After the template region is determined for the current coding block based on operation s12, the target sampling points for calculating the model parameter in the expression of the cross-component prediction model of the current coding block may be further determined in the template region. A manner of selecting the target sampling points for model calculation from the template region in the second component dimension includes any one of the following:

    • 1) All sampling points are used, that is, all sampling points in the template region of the current coding block are used as the target sampling points for model calculation. For example, the template region of the current coding block includes the region A, the region B, the region C, the region D, and the region E of the plurality of neighboring regions shown in FIG. 6. In this case, all sampling points in the region A, the region B, the region C, the region D, and the region E can be used for subsequent model calculation.
    • 2) Some sampling points are used, that is, some sampling points are selected from the template region of the current coding block as the target sampling points for model calculation. A manner of selecting some sampling points from the template region of the current coding block includes any one of the following:
    • (1) Select sampling points according to coordinate positions of sampling points in the template region of the current coding block.

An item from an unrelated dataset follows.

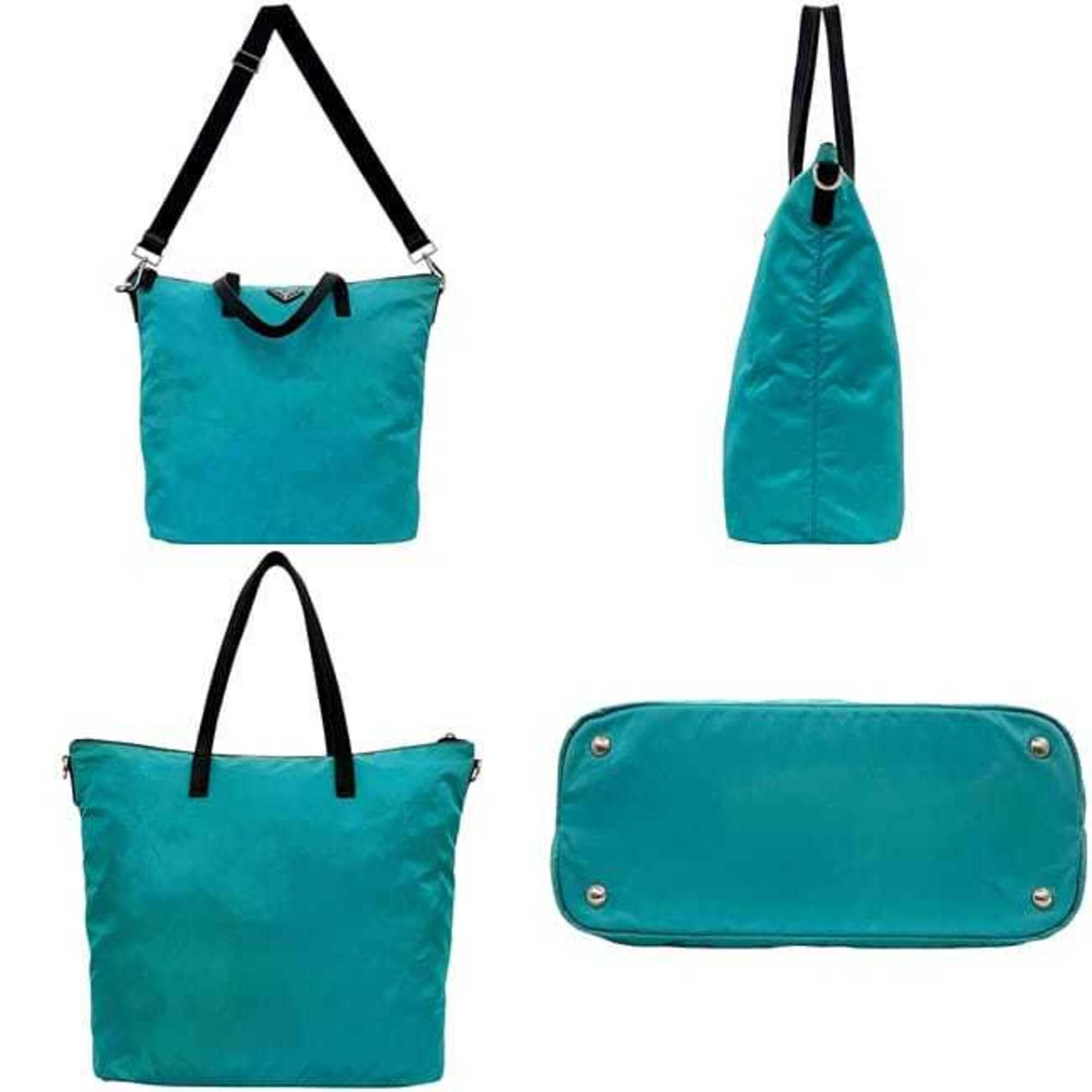 Prada Light Blue Nylon Leather Shoulder Bag Tote Bag (Pre-Owned)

Specifically, sampling points whose first coordinate positions and/or second coordinate positions satisfy a constraint condition are selected as the target sampling points from the template region of the current coding block. A direction of the first coordinate position is a horizontal direction of the template region of the current coding block, and a direction of the second coordinate position is a vertical direction of the template region of the current coding block. That the first coordinate positions and/or the second coordinate positions satisfy the constraint condition includes at least one of the following: the first coordinate positions and/or the second coordinate positions are even number positions, odd number positions, or all positions in a corresponding direction.

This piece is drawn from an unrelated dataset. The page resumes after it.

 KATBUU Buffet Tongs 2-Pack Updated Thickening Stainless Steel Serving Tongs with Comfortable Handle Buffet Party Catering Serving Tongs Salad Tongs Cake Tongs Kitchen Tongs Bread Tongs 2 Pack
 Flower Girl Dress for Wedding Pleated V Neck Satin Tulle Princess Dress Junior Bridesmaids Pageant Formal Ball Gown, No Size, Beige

For example, assuming that an xy coordinate system is established by using an upper left corner of the region A of the plurality of neighboring regions of the current coding block as the center, sampling point coordinates of sampling points in the template region of the current coding block may include: a first coordinate position in the horizontal direction (that is, the horizontal axis x), and a second coordinate position in the vertical direction (that is, the vertical axis y). Exemplarily, in FIG. 10A, using a sampling point in any template region as an example, that a first coordinate position and/or a second coordinate position of the sampling point satisfies the constraint condition may include but is not limited to:

    • 1) Select no sampling point whose first coordinate position in the horizontal direction is an odd number position (that is, a result of a modulo operation performed on the first coordinate position of the sampling point in the direction of the x axis and a value 2 (for example, x % 2=1) is always 1). In this case, a manner of selecting the target sampling points may be shown in the first figure shown in FIG. 10A, and includes: (1) Select a sampling point whose first coordinate position in the direction of the x-axis is an even number position (for example, a result of a modulo operation performed on a value of the sampling point in the direction of the x axis and a value 2 is always 0) and whose second coordinate position in the direction of the y-axis is an odd number position (for example, a sampling point 1001). (2) Select a sampling point whose first coordinate position in the direction of the x-axis is an even number position (for example, a result of a modulo operation performed on a value of the sampling point in the direction of the x axis and a value 2 is always 0) and whose second coordinate position in the direction of the y-axis is an even number position (for example, a sampling point 1002). (3) Select a sampling point whose first coordinate position in the direction of the x-axis is an even number position (for example, a result of a modulo operation performed on a value of the sampling point in the direction of the x axis and a value 2 is always 0) and whose second coordinate position is any position in the direction of the y-axis (for example, a sampling point 1003).
    • 2) Select no sampling point whose first coordinate position in the horizontal direction is an odd number position and whose second coordinate position in the vertical direction is an odd number position (that is, a result of a modulo operation performed on the second coordinate position of the sampling point in the direction of the y axis and a value 2 (for example, y % 2=1) is always 1). In this case, a manner of selecting the target sampling points may be shown in the second figure shown in FIG. 10A, and includes one or more of the following: (1) Select a sampling point whose first coordinate position in the direction of the x-axis is an even number position and whose second coordinate position in the direction of the y-axis is an even number position. (2) Select a sampling point whose first coordinate position in the direction of the x-axis is an even number position and whose position in the direction of the y-axis is an odd number position. (3) Select a sampling point whose first coordinate position in the direction of the x-axis is an odd number position and whose position in the direction of the y-axis is an even number position.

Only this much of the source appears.